I have argued that people should base their judgements on a better understanding, trying to put themselves into the shoes of e.g. someone in a country that is being threatened to be invaded by the largest military force of the world and has been threatened in the past. I have also suggested to be careful not to confuse geopolitical strategies of countries with moral points, and that any sanctions or other efforts to influence Iran should be targeted against its theocratic structure, which is at the heart undemocratic. In reality, however, the US mostly seeks to increase their sphere of influence for geopolitical reasons and the US has no right at all to do that. There is no international law or any other reasonable construction that would justify that the US does anything in that region of the earth at all. I'm suggesting that sanctions should be justified morally and, if so, extended to countries like e.g. Saudi Arabia, too, in order not to appear to be selective and therefore unjust. I am for sanctions and other non-violent measures to increase democracy in countries like Iran, Saudi Arabia, China, Russia, and so forth, if these measures promise to be at least moderately successful. Otherwise, I believe that change almost must come from within.
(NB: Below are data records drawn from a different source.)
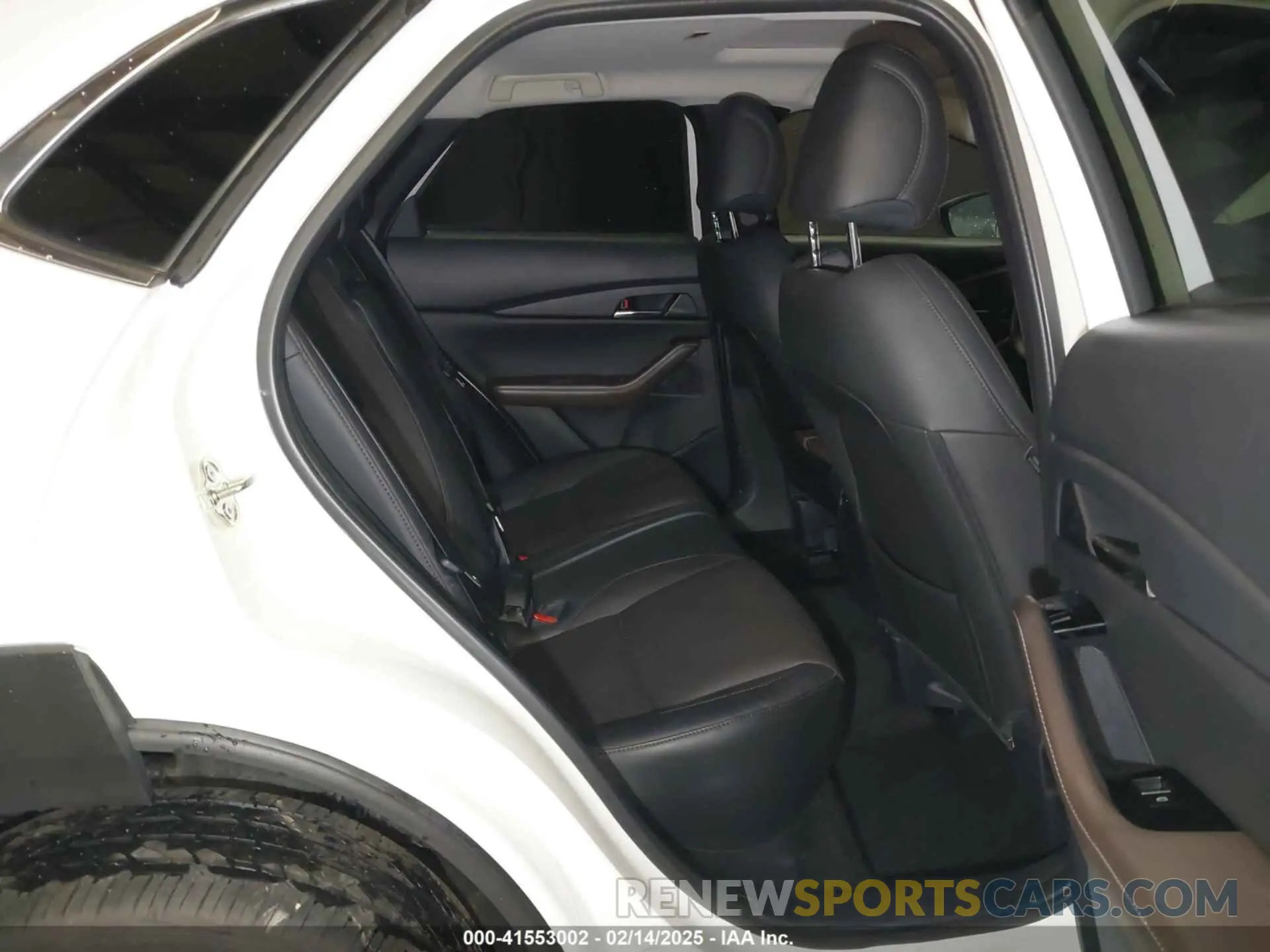8 fotografías del automóvil dañado 3MVDMBDY7RM706554 MAZDA CX-30 2024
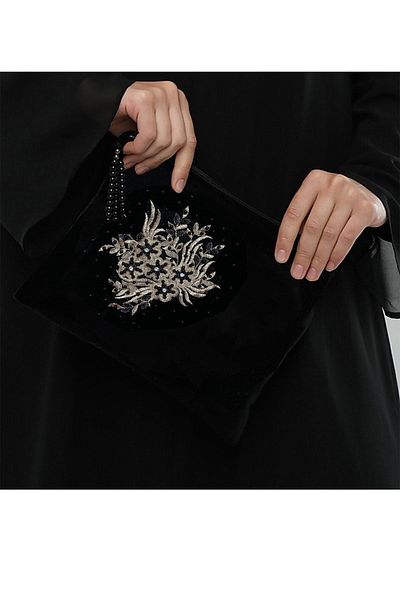 bb handmade collection Черно кадифе - чанта за портфолио със специален дизайн, ръчно бродирана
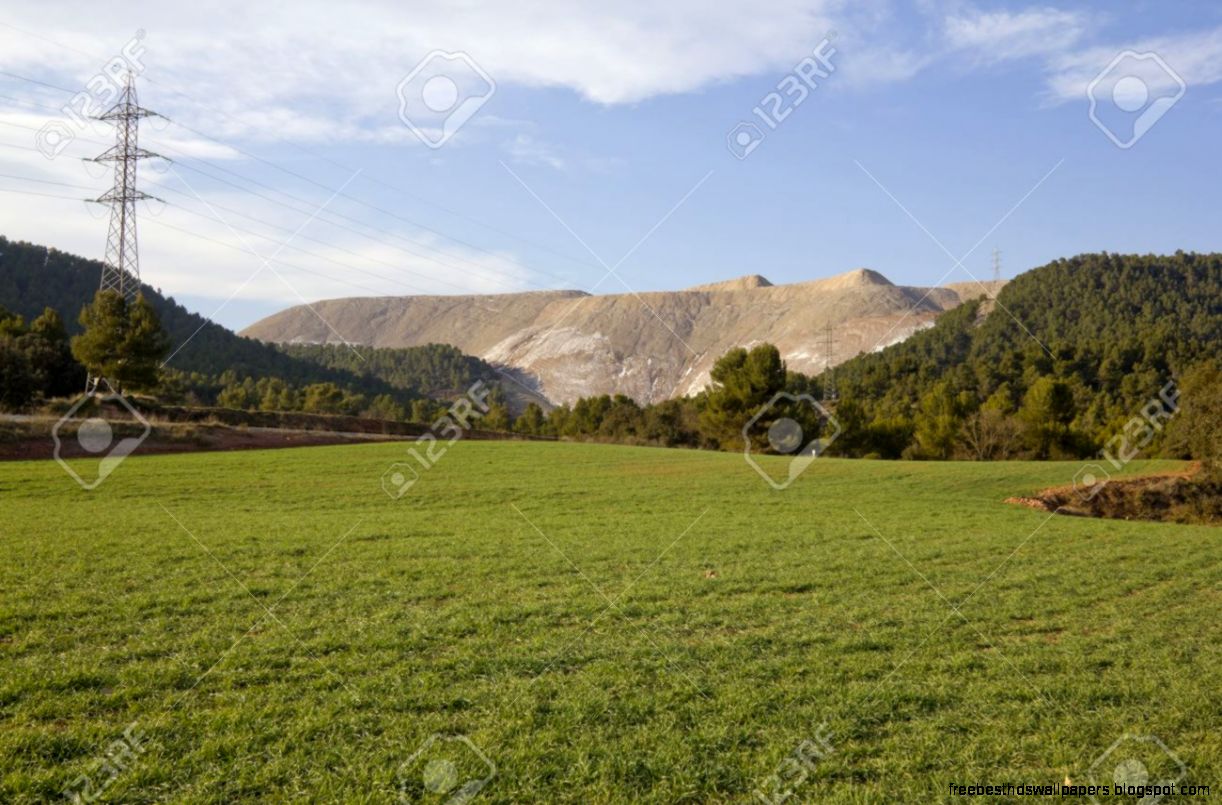 Salt Heaps Salt Mountain Of Rubble In Sallent Bages Catalonia Salt Heaps Salt Mountain Of Rubble In Sallent Bages Catalonia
I'm not sure what you ware suggesting in contrast to this. This looks very much like a conflict between the US and Iran that is mostly about geostrategy. This is what I suggested to and you consider it irrelevant. What is it, then, you're suggesting? That the US should act as a world police without any mandate, despite the US's horrendous track record of torture, illegal kidnappings, aggressive wars against other countries, and so on? This doesn't make sense to me, especially given that the US has already created great havoc and chaos in the whole region.

I'm really baffled at what you're trying to argue for. It is obvious that in this conflict both Iran and the US primarily act out of strategic interests in the region and not because of any moral concerns, and accusing the US of hypocricy seems quite justified.
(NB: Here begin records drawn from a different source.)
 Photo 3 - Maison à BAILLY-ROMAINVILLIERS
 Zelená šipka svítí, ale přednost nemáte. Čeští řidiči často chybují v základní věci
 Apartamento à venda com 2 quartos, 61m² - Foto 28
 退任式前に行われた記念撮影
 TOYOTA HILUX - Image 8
The problem is with how we decide which are the "bad" countries. If both "good" and "bad" countries fund militant groups, anyone who tells you that this is how they distinguish between them is lying.


I don’t think anyone on here is in favour of bad people doing bad things.

The general point is that when sanctions are used selectively on some regimes and the US buddy up with other regimes that follow the same kind of politics as the first regime; then you have to question if those sanctions are used for the good of the world (ie what is publicised) or for the good of the US (ie financial kick backs, back door deals, etc).

The fact that Saudi Arabia literally get away with murder because the US have profitable arms deals with them should speak volumes about the true purpose of sanctions.


The problem is the report that Iran is a country funding lots of militant groups comes out of the USA and it's recent actions means it has lost all credibility.

Just in recent times we have seen the USA spy on it's own nationals (NSA) and invade a country based on a lies (WMD in Iraq).

The USA also has a long history of propping up murderous dictators (MBS just the most recent) and it now has a president who loves being photographed with tyrants like Kim Jong-un and Vladimir Putin.

So while the claims being made might even be true, because these are USA claims the statements needs to be taken with a grain of salt.


I don't have to take the statements of the USA. All I have to do is listen to the claims that Iran makes, about who it funds, the actions it is taking, and planning on taking.

The stuff that Iran itself says it wants to do, such as that it wants to wipe Israel from the face of the map, is bad enough.


> All I have to do is listen to the claims that Iran makes, about who it funds, the actions it is taking, and planning on taking.

So what sources are you quoting?

Any link would be good.


"Ahmadinejad says Israel will be "eliminated""

https://www.reuters.com/article/us-un-assembly-ahmadinejad/i...

It is very easy to find multiple insano statements that the leaders of Iran make. I found this one in a couple seconds.

You can also just look at their involvement with the Assad regime.